Warning: This is a large post because I've had this terrible problem for so long without any good help.
My name is Vance. I am 24 years old and I have been suffering from chronic low back pain for almost a decade now. I have seen several doctors and undergone many tests and even a spine fusion surgery, yet I am no better off than I was before and my pain has progressed to the point where I have been unable to work even part time for years. I played football my freshman year of high school, I had a part time job, and I was in the school's AFJROTC program. I was busy, I had lots of friends and I had a girlfriend. I didn't think it was great then, but now I see how good I had it.

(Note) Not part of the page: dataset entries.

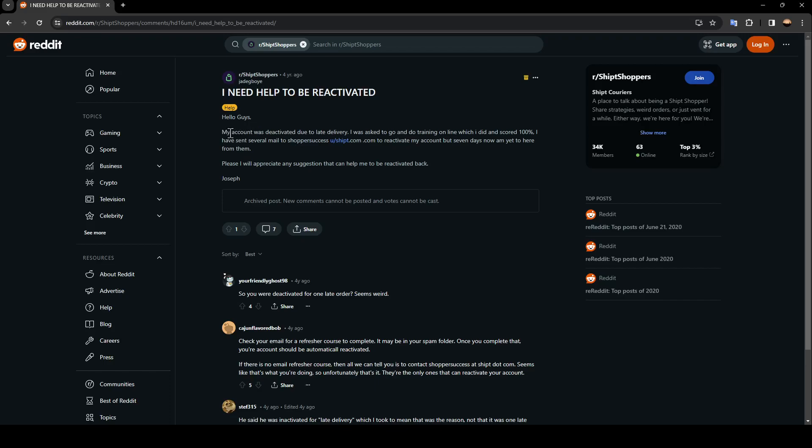Hello guys, my account was deactivated due to late delivery. I was asked to go and do training online which I did and scored 100%. I have sent several emails to shoppersuccess@shipt.com to reactivate my account, but seven days now I'm yet to hear from them. Please, I will appreciate any suggestions that can help me to be reactivated.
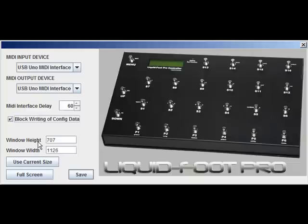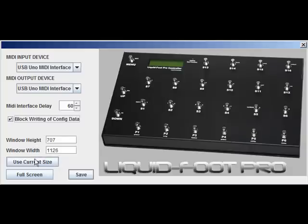Depending on your LCD screen or monitor, the default width and height of the windows for the Liquid Foot software may be too big. You have two options to set it quickly so that every time you load the software it automatically opens to your custom size. Come back into this configuration screen after setting up the size of the normal editing window and click 'Use Current Size' — it will change the height and width to match your window. If you'd like it to fill the entire screen, just press 'Full Screen' and the numbers will change accordingly for your computer.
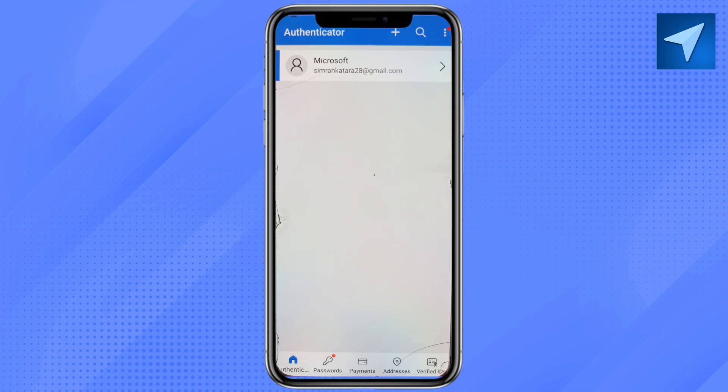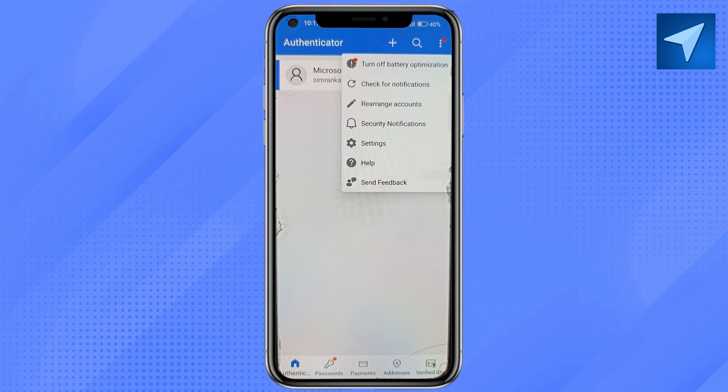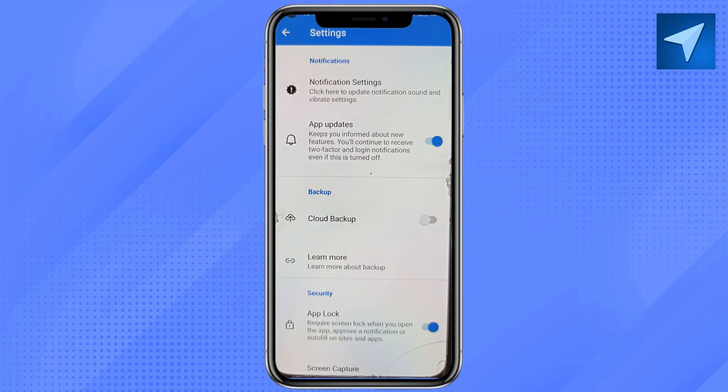you will see the three-dot icon at the top right corner of your mobile screen. Just tap on it, and from here go to Settings.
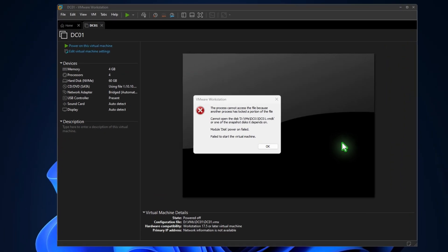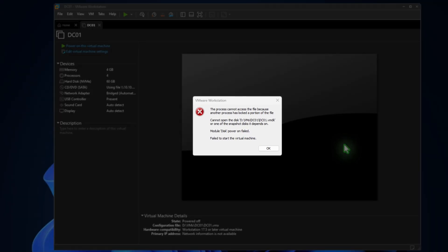In this video, I'll show you how to fix an error that occurs when starting a virtual machine in VMware Workstation. This issue usually happens when the host computer loses power while the virtual machine is running.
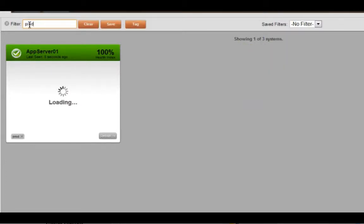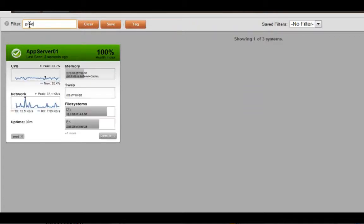Or, for example, I want to look for my production app server which is tagged prod. The important point is Reveal Cloud allows you to instantly pull up the systems that you want to focus on.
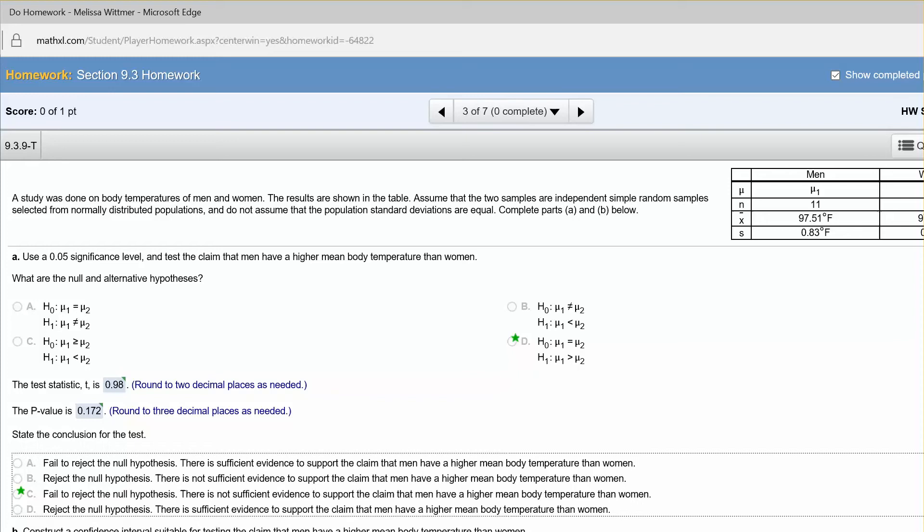For this example, we're going to look at how to use StatCrunch again to calculate p-value and test statistic and do a hypothesis test and confidence interval for a claim about two population means that are independent populations. So here we have body temperatures of men and women.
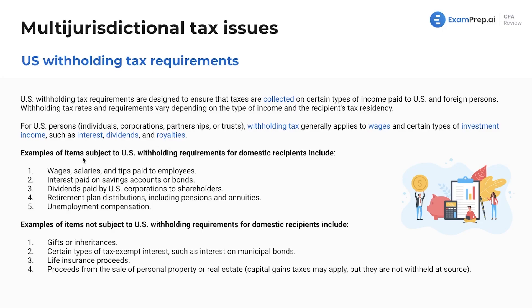What are some examples of items that are subject to U.S. withholding requirements? These are going to be wages, salaries, and tips; interest — a lot of passive income you see here — retirement, dividends, pensions, annuities, unemployment compensation. Lots of passive income.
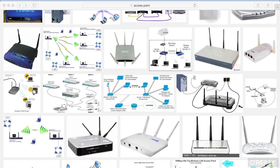In ad hoc mode, there is no central point. Everybody is just on the same wireless network and they're communicating with one another. It's really a peer-to-peer style network rather than a hub-and-spoke architecture, which is what infrastructure mode really is.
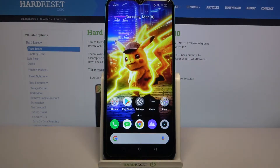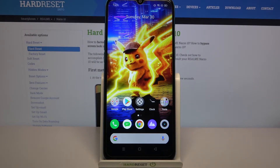Hi, in front of me is Realme Narzo 10 and today I would like to show you how you can change the size of icons on this device.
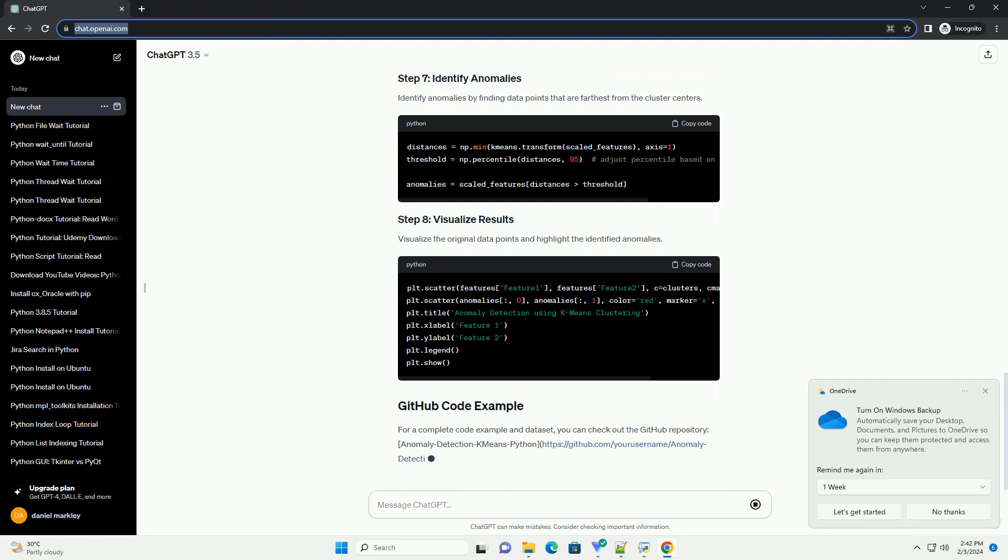Make sure you have the following libraries installed. Load your data set into a pandas data frame. For demonstration purposes, let's assume we have a CSV file named data.csv.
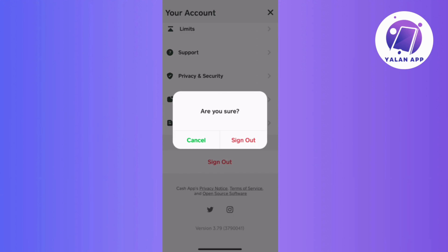Firstly, if you're already logged in and facing this error, try signing out and then signing in again. This is like a quick refresh that might clear up the issue.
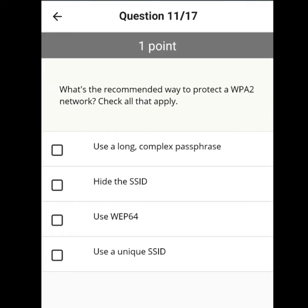What is the recommended way to protect a WPA2 network? Check all that apply. Use a complex passphrase and a unique SSID.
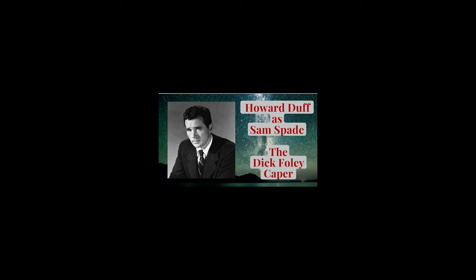And now, with Howard Duff starring as Spade, Wild Root brings to the air the greatest private detective of them all, in the adventures of Sam Spade.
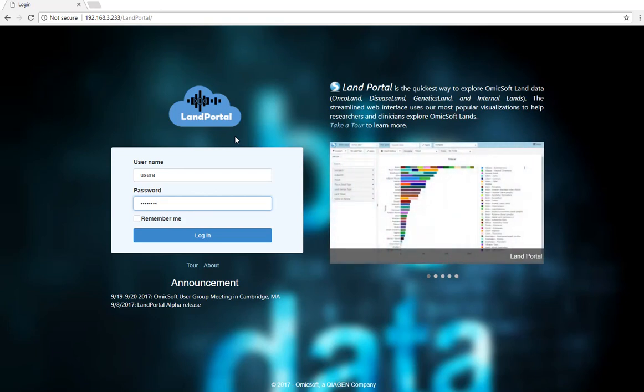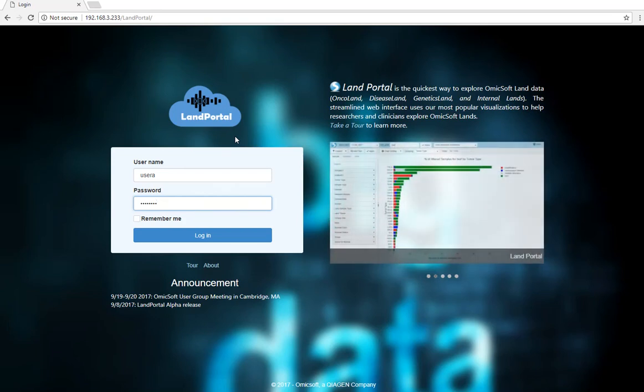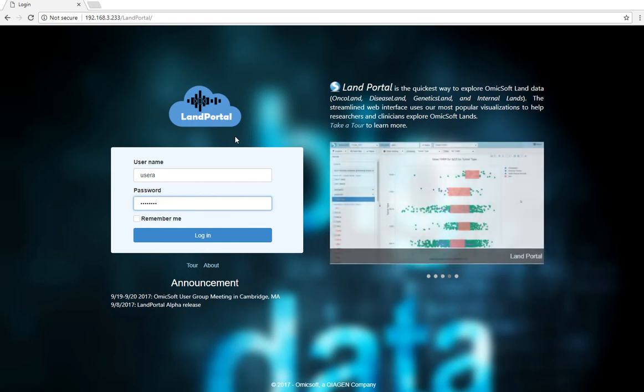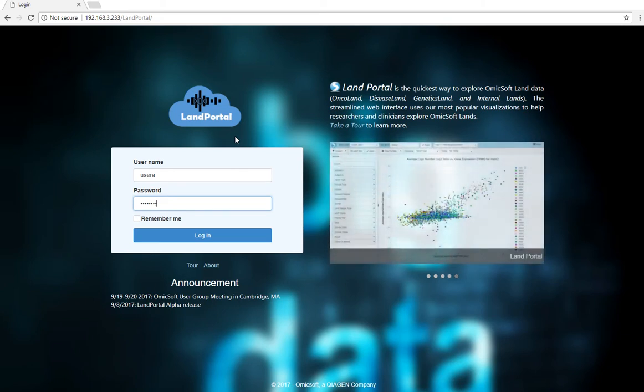LAN Portal is a streamlined web interface that uses our most popular visualizations to help researchers and clinicians explore OmicSoft LANs. This video will give a short introduction to some basic features of LAN Portal.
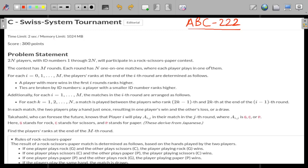Welcome back everyone. An approach for Problem C of the AtCoder Beginners Contest 222 speech system tournament will be discussed, so stay tuned till the end to have a look at an approach.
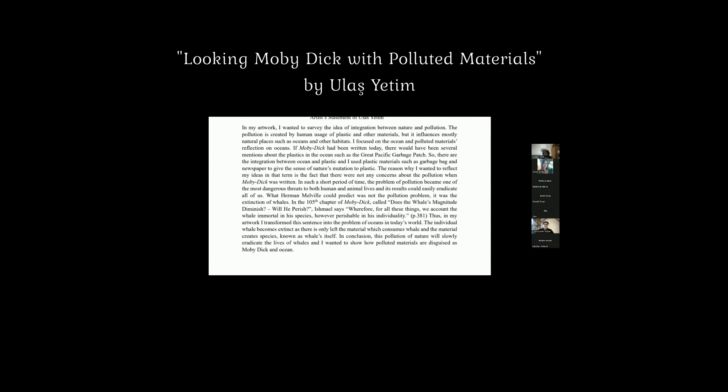[Student presentation] My work is an oil painting worked on a square canvas. I wanted to survey the idea of integration between nature and pollution. The pollution is created by human usage of plastic and other materials, but it influences mostly natural places, such as oceans and other habitats. If Moby Dick were written today, there would have been several mentions about plastics in the ocean, such as the Great Pacific Garbage Patch. The reason why I wanted to reflect my ideas in that term is the fact that there were not any concerns about the pollution when Moby Dick was written.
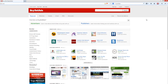BuySellAds is based on the premise that someone has already gathered a like-minded group of people based on a particular point of interest — on a blog, a website, or via social media such as Facebook or Twitter. What they're allowing you to do is leverage the work they've done gathering those people, to advertise or talk about your own products.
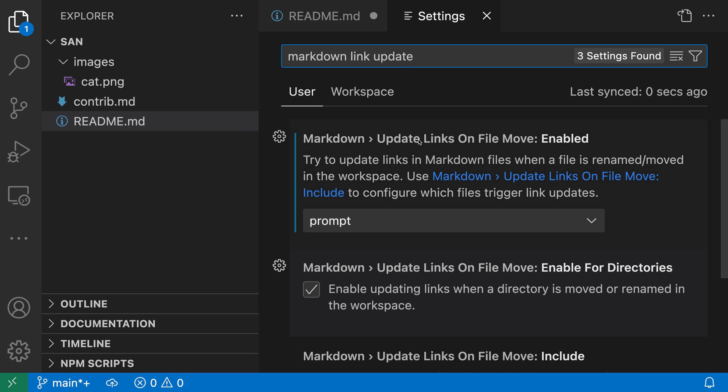You want the markdown update links on file move setting. This is off by default, but I've turned it on to prompt, which means whenever VS Code detects that a file has changed name or been moved, it will ask me if I want to update the link.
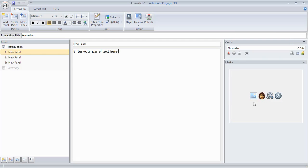As you can see, you can add pictures. We have some built-in characters, videos, and then flash files.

I also suffer from depression and ADHD, so I am very forgetful. I do not remember exactly when I began to feel this back pain, nor do I know what might have caused it. As I said, I played football in high school, so I did a lot of physical activity and I did a lot of heavy weight lifting. I am asian american and medium build, and I was one of the younger freshmen in my class, so I was not very big, yet I was lifting as much or more than the juniors or seniors on deadlifts or squats. Perhaps something involving weight lifting (either the lifting itself, or the sudden stop of lifting after quitting after I started 10th grade).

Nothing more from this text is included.